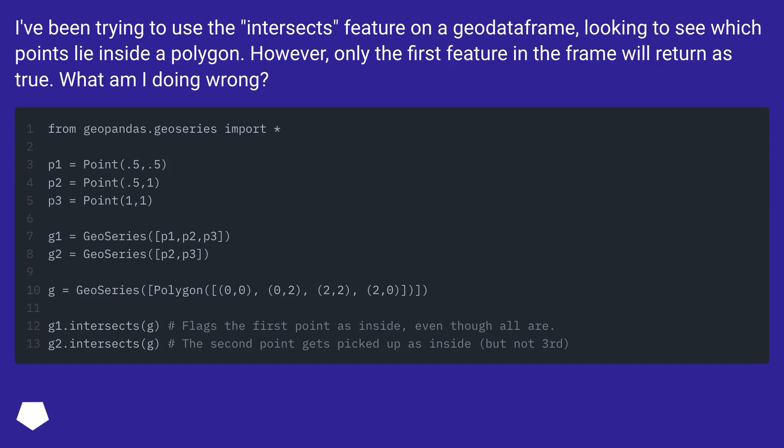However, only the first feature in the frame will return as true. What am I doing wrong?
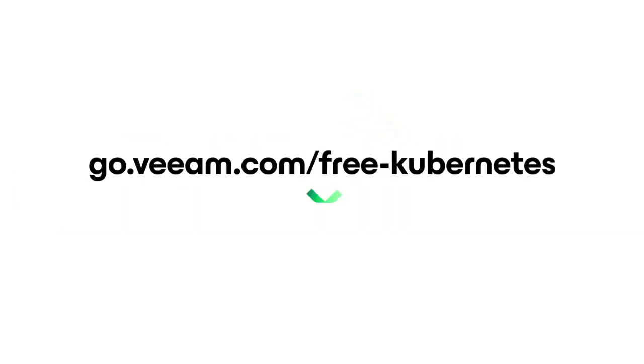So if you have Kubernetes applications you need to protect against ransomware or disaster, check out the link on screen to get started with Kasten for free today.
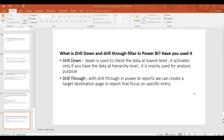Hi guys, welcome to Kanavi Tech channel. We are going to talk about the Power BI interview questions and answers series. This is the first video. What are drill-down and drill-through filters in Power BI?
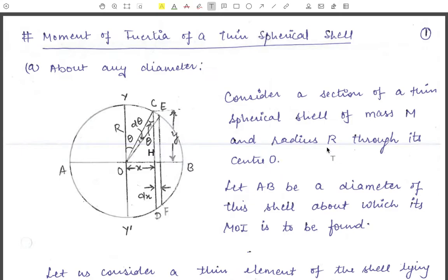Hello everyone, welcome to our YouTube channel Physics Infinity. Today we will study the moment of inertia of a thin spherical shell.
============================================================
* _Required action_:
Please return, exactly and with pictures omitted, the lines from the line holding "Hi guys, welcome" through the end of the data above, inclusive.

* _Answer to the exercise_:
Hi guys, welcome to Kanavi Tech channel. We are going to talk about the Power BI interview questions and answers series. This is the first video. What are drill-down and drill-through filters in Power BI?
Hello everyone, welcome to our YouTube channel Physics Infinity. Today we will study the moment of inertia of a thin spherical shell.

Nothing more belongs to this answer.